Foi o momento em que descer o que antes foi a subida mais difícil, era necessário. E foi a prática do que na brincadeira, todos já tinham ouvido. Que para ser trekking é preciso ser um bom contador de histórias e ter memória ruim. E não é que naqueles minutos debaixo de chuva, vendo o céu sendo tomado pelo cinza, se descobrem as histórias de cada um? Tem até a bióloga que já passou três meses na Malásia caçando sapos (que será assunto de uma próxima matéria).
Quando a chuva para, os raios também, se espera marcar cinco minutos sem a presença do clarão no céu para sentir que o tempo se estabilizou mesmo. Mochila nas costas e em breve, lanterna nas mãos. Os dias que antecederam ao curso estavam lindos, de sol e de lua digna de fotos durante à noite. Mas justamente no acampamento, não tinha nenhuma estrela sequer para iluminar o céu. O jeito foi seguir em fila indiana e observar, através da luz da lanterna, onde certinho pisava o trekker da frente.
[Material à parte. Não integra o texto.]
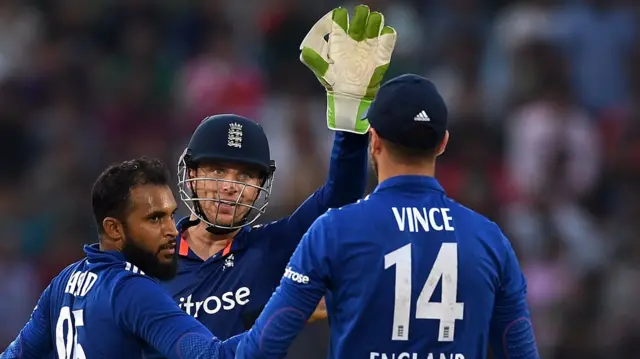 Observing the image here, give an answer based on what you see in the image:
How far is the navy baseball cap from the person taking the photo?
4.10 m

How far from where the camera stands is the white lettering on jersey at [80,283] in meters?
4.42

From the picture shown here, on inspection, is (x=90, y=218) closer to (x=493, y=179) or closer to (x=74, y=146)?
(x=74, y=146)

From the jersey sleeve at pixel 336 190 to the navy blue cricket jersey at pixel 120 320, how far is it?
856 mm

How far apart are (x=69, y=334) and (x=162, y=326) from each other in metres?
0.40

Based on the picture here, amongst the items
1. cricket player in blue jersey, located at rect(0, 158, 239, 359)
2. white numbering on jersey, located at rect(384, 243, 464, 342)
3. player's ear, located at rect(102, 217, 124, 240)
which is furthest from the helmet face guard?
white numbering on jersey, located at rect(384, 243, 464, 342)

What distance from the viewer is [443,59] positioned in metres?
11.3

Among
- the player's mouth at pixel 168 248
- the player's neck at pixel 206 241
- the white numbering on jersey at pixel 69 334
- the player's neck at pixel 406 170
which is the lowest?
the white numbering on jersey at pixel 69 334

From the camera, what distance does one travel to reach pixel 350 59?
4.80m

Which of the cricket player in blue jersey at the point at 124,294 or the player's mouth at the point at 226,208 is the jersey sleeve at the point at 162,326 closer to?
the cricket player in blue jersey at the point at 124,294

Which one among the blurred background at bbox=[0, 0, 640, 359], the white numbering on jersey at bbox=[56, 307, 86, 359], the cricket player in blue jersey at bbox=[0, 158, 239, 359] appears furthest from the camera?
the blurred background at bbox=[0, 0, 640, 359]

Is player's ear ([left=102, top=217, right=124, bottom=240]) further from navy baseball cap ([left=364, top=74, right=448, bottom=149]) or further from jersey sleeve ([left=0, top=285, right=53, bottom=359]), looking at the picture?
navy baseball cap ([left=364, top=74, right=448, bottom=149])

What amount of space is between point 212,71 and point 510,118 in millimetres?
2634

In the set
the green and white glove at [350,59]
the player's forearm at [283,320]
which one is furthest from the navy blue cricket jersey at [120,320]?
the green and white glove at [350,59]

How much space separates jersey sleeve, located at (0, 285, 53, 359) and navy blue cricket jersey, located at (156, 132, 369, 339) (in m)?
0.52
A chegada no acampamento foi às escuras e debaixo de chuva. Depois de montadas as barracas, a garoa deu um tempo o suficiente para que o jantar fosse feito e quem levou aperitivos como queijos e vinhos, tirasse das mochilas. Montar barraca não é fácil, exige experiência que só vem quando o vento mostra que a sua não ficou bem montada. O vento forte da madrugada chegou a derrubar e quebrar algumas. Mas de pronto, todos foram relocados em barracas de amigos. O que uma trilha dessa faz é criar laços, além de viciar, claro.
Quando o sol nasceu, o vento voltou sem pressa e medo de fazer estrago. Não fazia frio. A velocidade do alto era de cortar a pele, mas abrir a porta da barraca e dar de cara com a paisagem, compensava tudo. Acho que ali está o motivo do "esquecimento". Fica para trás o caminho penoso, quando a chegada compensa.
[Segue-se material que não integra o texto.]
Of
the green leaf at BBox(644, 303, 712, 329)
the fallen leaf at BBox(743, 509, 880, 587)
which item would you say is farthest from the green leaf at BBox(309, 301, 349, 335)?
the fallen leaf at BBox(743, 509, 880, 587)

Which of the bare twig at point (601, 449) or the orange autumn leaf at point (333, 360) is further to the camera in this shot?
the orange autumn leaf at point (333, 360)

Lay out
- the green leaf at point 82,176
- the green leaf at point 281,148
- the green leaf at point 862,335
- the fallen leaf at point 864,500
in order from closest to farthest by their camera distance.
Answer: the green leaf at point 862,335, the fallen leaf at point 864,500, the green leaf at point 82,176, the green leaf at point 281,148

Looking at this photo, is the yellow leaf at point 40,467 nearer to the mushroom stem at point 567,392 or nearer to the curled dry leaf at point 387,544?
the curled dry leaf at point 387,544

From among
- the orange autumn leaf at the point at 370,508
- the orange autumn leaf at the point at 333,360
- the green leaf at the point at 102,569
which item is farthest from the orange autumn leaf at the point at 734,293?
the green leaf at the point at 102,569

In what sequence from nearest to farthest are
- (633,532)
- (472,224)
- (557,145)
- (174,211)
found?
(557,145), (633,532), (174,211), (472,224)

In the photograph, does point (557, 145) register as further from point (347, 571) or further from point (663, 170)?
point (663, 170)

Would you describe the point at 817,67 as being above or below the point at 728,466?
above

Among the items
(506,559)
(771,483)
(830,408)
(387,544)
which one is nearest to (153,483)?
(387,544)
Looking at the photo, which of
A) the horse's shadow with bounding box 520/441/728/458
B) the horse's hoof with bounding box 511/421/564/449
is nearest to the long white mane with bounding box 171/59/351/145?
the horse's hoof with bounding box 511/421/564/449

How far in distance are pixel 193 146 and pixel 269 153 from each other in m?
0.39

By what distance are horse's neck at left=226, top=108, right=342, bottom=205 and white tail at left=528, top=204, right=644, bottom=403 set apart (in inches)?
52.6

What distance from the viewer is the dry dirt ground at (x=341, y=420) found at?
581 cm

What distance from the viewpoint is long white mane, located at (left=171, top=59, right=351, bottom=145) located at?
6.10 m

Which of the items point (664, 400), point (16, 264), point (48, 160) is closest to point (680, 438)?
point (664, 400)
E é no dia seguinte, que se percebe que o curso ensinou, no nível "hard", como é um trekking. Se desse tudo certo, ninguém teria aprendido o quão importante é um isolante térmico e uma muda de roupa seca.
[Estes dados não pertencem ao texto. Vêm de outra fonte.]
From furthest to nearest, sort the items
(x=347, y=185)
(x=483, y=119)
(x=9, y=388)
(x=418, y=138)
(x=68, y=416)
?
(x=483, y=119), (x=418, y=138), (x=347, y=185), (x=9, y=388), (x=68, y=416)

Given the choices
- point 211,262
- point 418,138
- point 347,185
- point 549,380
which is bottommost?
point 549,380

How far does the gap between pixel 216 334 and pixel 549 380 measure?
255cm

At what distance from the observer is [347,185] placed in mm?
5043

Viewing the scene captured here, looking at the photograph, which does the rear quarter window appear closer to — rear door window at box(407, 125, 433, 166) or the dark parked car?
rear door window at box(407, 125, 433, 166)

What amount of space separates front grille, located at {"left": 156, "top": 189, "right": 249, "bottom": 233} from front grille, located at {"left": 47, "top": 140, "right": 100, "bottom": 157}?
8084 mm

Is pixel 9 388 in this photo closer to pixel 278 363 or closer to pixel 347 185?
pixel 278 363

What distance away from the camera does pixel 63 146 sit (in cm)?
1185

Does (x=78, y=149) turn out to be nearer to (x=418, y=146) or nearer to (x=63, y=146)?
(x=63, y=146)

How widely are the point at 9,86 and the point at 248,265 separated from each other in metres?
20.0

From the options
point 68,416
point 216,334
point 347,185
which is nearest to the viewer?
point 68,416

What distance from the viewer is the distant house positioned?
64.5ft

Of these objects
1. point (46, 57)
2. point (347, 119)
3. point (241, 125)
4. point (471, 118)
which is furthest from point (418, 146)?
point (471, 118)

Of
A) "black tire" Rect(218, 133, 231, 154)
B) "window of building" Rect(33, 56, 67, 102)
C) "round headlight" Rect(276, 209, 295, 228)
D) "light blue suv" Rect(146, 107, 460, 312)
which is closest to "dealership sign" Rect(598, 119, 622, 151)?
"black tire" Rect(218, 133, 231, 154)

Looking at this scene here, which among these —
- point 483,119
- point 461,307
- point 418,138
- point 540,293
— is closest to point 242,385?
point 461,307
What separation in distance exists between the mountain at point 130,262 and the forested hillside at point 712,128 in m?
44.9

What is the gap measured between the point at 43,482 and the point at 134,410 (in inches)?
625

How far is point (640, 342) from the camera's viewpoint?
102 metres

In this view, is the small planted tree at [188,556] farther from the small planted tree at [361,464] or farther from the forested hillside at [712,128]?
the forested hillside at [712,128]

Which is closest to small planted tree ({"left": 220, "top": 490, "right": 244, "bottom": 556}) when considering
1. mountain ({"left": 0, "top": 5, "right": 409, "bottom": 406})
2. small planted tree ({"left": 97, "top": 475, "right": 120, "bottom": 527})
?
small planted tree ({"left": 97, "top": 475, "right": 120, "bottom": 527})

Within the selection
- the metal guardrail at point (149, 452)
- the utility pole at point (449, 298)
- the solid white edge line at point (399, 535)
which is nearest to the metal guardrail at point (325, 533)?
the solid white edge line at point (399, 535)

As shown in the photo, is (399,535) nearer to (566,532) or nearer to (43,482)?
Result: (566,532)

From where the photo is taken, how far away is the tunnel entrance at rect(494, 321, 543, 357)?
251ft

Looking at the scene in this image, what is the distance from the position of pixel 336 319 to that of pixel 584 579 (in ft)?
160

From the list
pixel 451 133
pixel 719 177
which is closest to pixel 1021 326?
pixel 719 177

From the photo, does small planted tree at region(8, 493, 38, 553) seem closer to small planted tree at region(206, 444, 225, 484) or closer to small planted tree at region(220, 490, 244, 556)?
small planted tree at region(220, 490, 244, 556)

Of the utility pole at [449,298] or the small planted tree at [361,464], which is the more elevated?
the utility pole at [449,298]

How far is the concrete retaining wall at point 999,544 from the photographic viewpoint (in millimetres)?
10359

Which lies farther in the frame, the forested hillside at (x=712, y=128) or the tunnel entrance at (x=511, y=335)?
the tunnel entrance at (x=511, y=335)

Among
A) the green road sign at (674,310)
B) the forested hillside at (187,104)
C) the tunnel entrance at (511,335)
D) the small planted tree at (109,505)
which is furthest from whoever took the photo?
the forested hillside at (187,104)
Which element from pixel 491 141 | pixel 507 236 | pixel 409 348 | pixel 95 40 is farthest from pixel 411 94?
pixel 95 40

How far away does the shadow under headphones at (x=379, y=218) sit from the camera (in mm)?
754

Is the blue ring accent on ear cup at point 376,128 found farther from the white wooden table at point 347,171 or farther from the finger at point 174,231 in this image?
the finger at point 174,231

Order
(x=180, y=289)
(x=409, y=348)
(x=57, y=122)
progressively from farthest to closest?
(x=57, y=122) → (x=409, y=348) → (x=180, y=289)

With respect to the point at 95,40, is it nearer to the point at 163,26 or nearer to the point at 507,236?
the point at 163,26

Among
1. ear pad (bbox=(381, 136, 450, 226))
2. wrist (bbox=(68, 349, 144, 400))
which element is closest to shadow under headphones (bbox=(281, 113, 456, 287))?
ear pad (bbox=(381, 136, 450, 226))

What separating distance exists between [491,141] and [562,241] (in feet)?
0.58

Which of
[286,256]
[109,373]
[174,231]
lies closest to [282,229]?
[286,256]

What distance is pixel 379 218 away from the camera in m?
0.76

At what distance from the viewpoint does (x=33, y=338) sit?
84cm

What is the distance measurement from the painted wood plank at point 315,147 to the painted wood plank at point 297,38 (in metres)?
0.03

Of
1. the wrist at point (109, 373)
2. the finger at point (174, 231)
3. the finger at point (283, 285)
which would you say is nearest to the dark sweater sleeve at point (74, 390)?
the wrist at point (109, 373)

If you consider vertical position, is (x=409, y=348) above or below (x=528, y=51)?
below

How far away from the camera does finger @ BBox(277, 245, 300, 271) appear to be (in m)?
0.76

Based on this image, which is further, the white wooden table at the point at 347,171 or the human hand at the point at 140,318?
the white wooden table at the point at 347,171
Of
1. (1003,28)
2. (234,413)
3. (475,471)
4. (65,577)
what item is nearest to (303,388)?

Corredora há 3 anos, a funcionária pública Adriana Vaz, veio de Dourados para o curso. O objetivo era aprender a interagir mais e melhor com a natureza. A dificuldade foi o tempo. Chuva e frio lhe trouxeram o medo de ficar doente antes de uma competição importante.
"Muitas vezes a gente ouve: 'nossa fulano estava lá e aconteceu uma tempestade. Deus me livre, não quero nem pensar, que absurdo'. Mas não, é uma experiência muito bacana, você consegue passar por isso tranquilamente e não é tão difícil quanto parece. Acho que a sensação de estar próxima da natureza e de Deus é o mais legal", frisa.
É difícil não me inserir no texto, ainda mais quando viajei com a ideia de conhecer e viver como Paulinha e passar para o papel como jornalista. Um professor universitário, Anderson Benites, tinha de início a missão de apenas me dar carona. Mas se tornou um anjo da guarda no caminhar. Eu não tinha nada de acampamento em casa, a não ser uma lanterna comprada para a última trilha junto do Sopa. Amigos me "vestiram" para caminhar e colegas de trekking me ensinaram a não desistir.
"Quando se faz trilha, ajudar uma pessoa é normal. Ainda mais quando se vê que ela não tem muita prática", brinca Anderson, de 39 anos. Há 12 meses que as trilhas viraram rotina nos finais de semana dele, a ponto da tempestade do meio do caminho nem assustar tanto. "O que fiquei mais tenso foi ver, enquanto estava subindo, que outra tempestade vinha e que se ela chegasse antes da gente montar as barracas... Ferrou". "Mas o mais incrível é que depois que você passa por essa situação tensa, tem a sensação de autossuficiência e segurança", resume. A tempestade que ele enxergou vindo, não nos alcançou. Sorte.
Na manhã seguinte, quando a descida era o trajeto. O casal Igraine e Ediney já riam da situação. A ideia do curso foi dele, que ela embarcou e depois se arrependeu. "Ele que é bom de dar entrevista, ele estava achando um máximo a chuva, enquanto eu chorava", brincou a estudante Igraine Helena Osório, de 23 anos.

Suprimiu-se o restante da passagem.